Collected data entries
*** Block opens ***
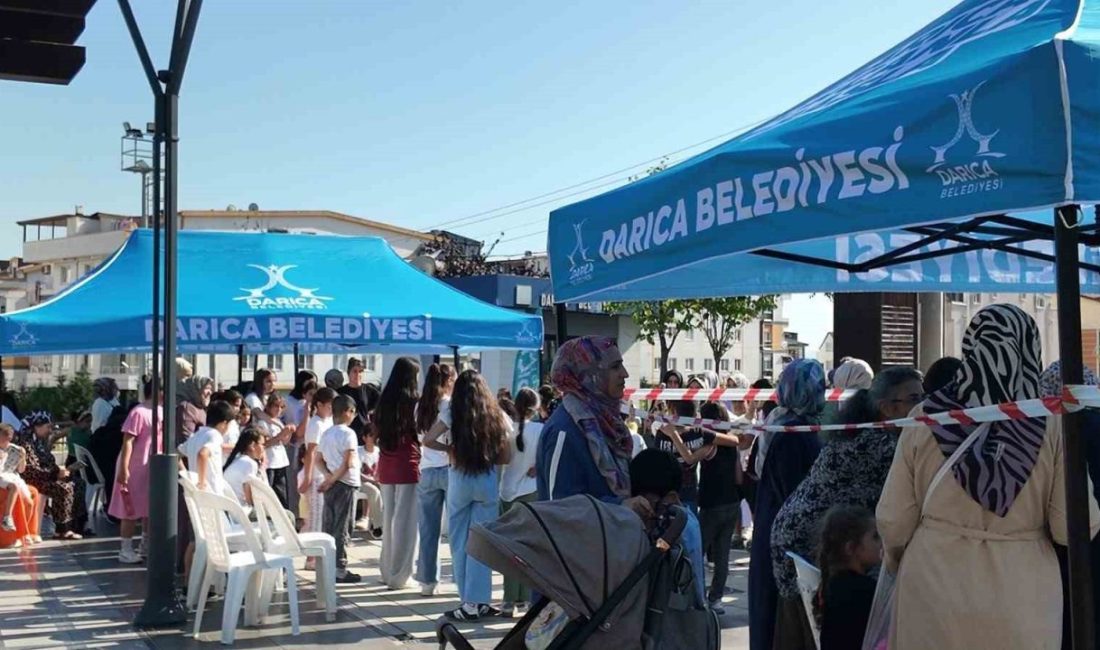 Bu otobüs ile mahalle şenlendi Darıca’da düzenlenen sosyal etkinlikler kapsamında mahalleye getirilen etkinlik otobüsüyle çocuklar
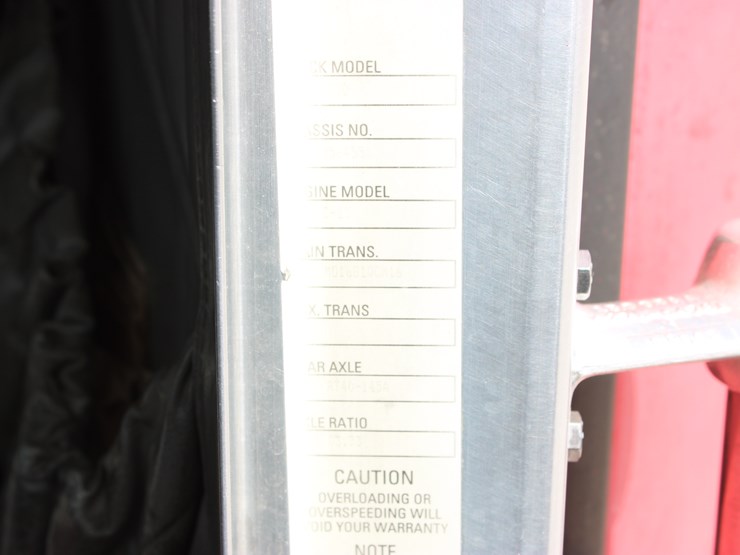 2004-kenworth-t800-image-91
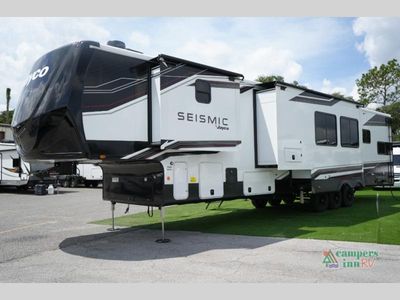 2026 Jayco Seismic - Photo 3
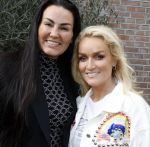 Amsterdam 19 maart 2024
Boekpresentatie Angelique Woudenberg in restaurant Breda. Samantha Steenwijk met partner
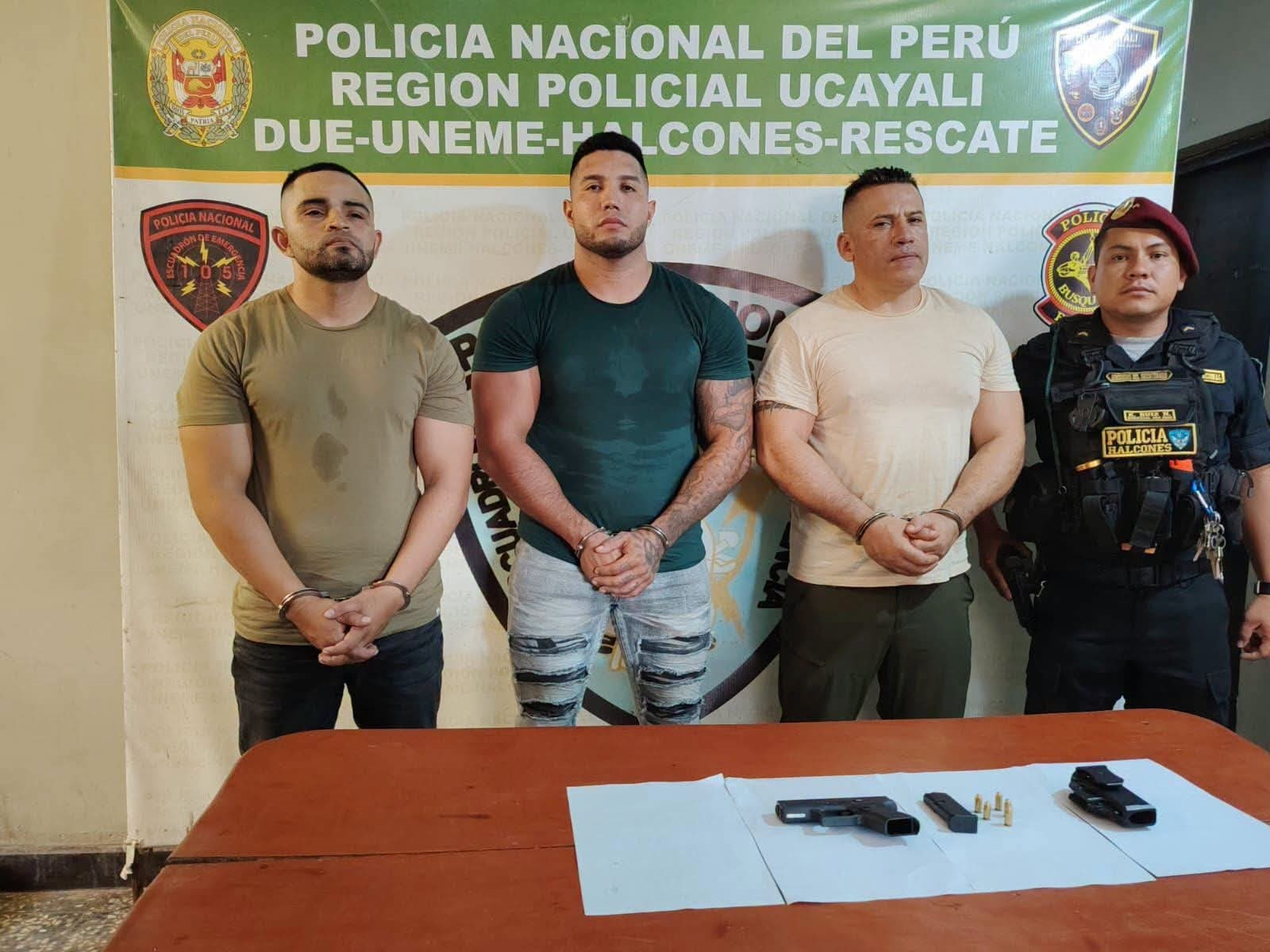 Jorge Cano (al lado del policía) fue detenido con dos venezolanos.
*** Block closes ***
• WHAT THE TASK ASKS: In the records above, find the line containing "Boekpresentatie Angelique Woudenberg". Reproduce it and every line after it through the last line, omitting pictures.

• RESULT OF THIS EXERCISE:
Boekpresentatie Angelique Woudenberg in restaurant Breda. Samantha Steenwijk met partner
 Jorge Cano (al lado del policía) fue detenido con dos venezolanos.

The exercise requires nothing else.